━━━ Information provided ━━━

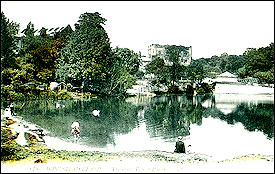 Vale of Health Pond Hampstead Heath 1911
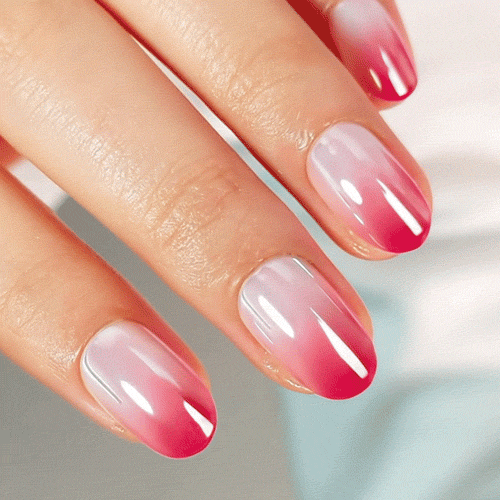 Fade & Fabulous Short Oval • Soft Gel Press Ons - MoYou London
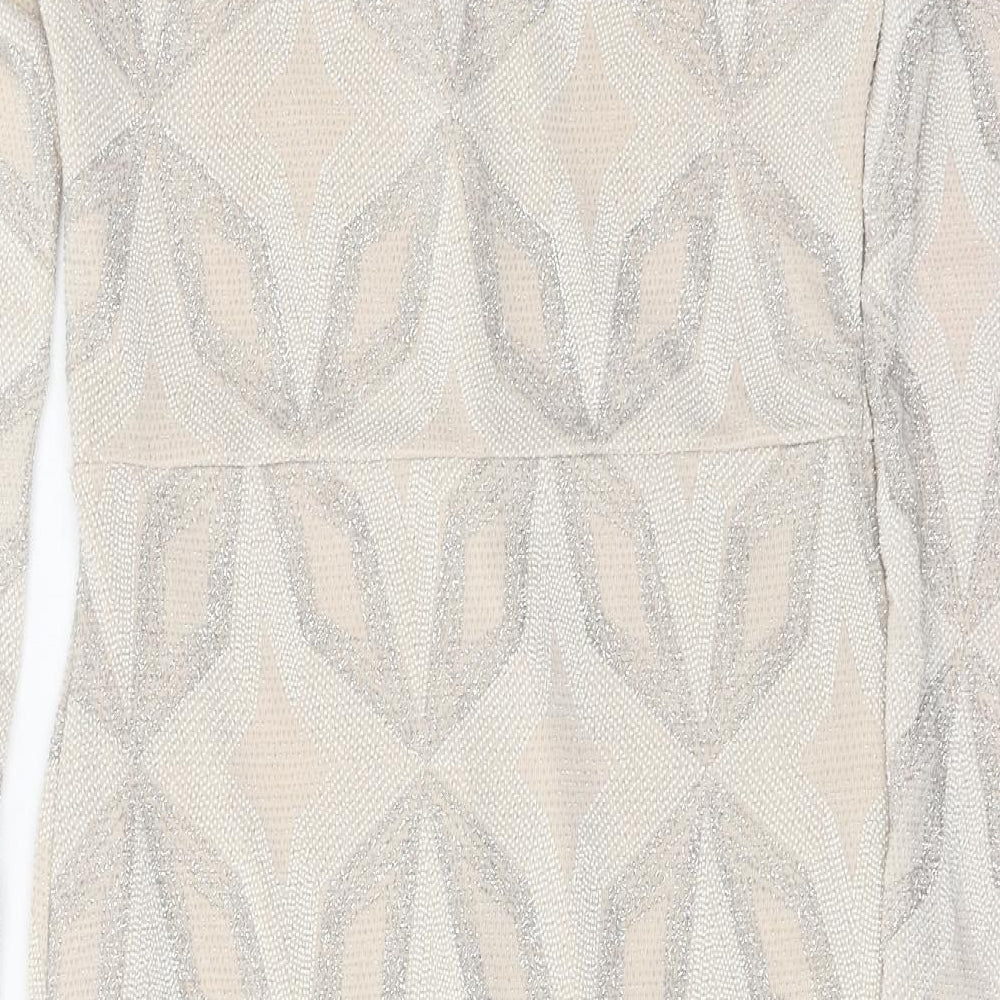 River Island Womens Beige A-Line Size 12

━━━

> _Work task_
Restate each line above exactly, keeping pictures out.

> _Exercise answer_
 Vale of Health Pond Hampstead Heath 1911
 Fade & Fabulous Short Oval • Soft Gel Press Ons - MoYou London
 River Island Womens Beige A-Line Size 12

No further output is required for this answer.